セカオワ「The fan」の思い出

 ふとiPhoneのメモを見返していたら、「The fan」という題のメモがあった。
 一年半前に行った、SEKAI NO OWARIのファンクラブツアーの記録だった。
 懐かしくて読み返して、noteに上げておこうと思い立ったので、以下にコピペしておく。


いちばん最初、青い太陽のさおりちゃんのピアノ。ドゥガラ以来、5ヶ月ぶりのセカオワの生の音楽。すごく綺麗で、美しくて、身体がゾクゾクして、涙が溢れた。
 あぁ、私またセカオワに会えたんだ。

 深瀬くんの声を聞くと、それだけで安心するのか嬉しくて仕方ないのか、涙が出る。9月のライブのときもそうだった。
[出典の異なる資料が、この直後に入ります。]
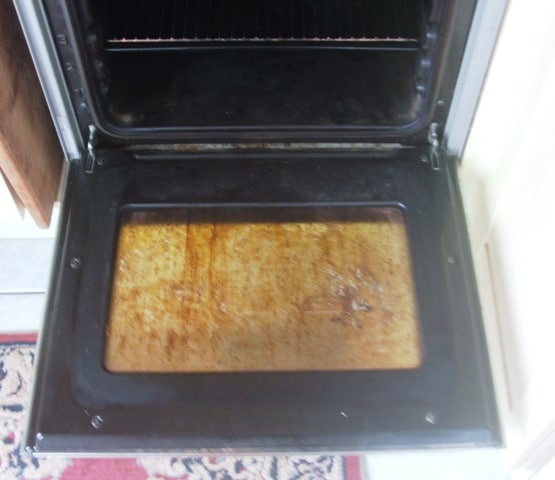 Natural Oven Cleaning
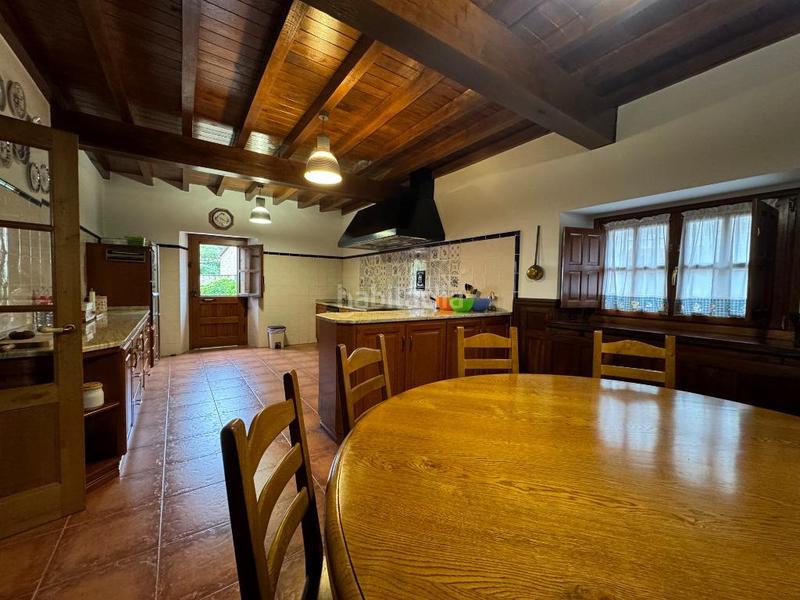Foto dee8cfb7-f6d8-4bbf-8d66-156f94ae1e25. Casa casona montañesa cantabria. en Molledo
 セカオワを知ったのは10年前、小学6年生のときだった。
 好きだった男の子が虹色の戦争を好きだと言うのを耳にして、家のパソコンで調べてMVを見たのを覚えている。それから、EARTH、ENTERTAINMENT、Treeはよく聴いた。

 中学3年生のとき、好きな曲の歌詞を絵に描き起こす授業があって、私は迷わずアースチャイルドを描いた。
 「ぼくらはアースチャイルド 世界中を冒険飛行 どこまでも行こう この夜空に 眠れない君をつれて 夢を見よう 朝が来るまで」とレタリングした。
 たくさんのクレーターをつけた半月を浮かべて、白い絵の具をブラシで飛ばして星を散らした。パジャマを着た裸足の子どもが、おもちゃの浮かぶ宇宙を眺める絵になった。私の自信作になった。

 高校、大学に入って、なぜかセカオワから離れてしまっていた。
 けれど、妹がドゥガラに誘ってくれて、またしっかりと引き寄せられた。それから5ヶ月間、いままででいちばんセカオワに愛を持って、たくさん一緒に過ごした。
 総じて10年間、セカオワは私のいろんな思い出とリンクする。
 苦しいとき、周りの雑音をセカオワがファンタジーに塗り替えてくれた。頼りにして、楽しいときは歩幅を合わせてくれた声と音。

 この声と音が本当に本物だということ、なんにも考えず思いっきり走れば数分で触れられるところにその主がいるということが、やっぱり信じられない。

 3次先行で手にした、2階席のいちばん後ろの端っこの席。肉眼じゃ表情まで見えない。瞬きをして、目を見開いて、借りたオペラグラスをかざす。やっぱり口が動いてる。歌ってる!!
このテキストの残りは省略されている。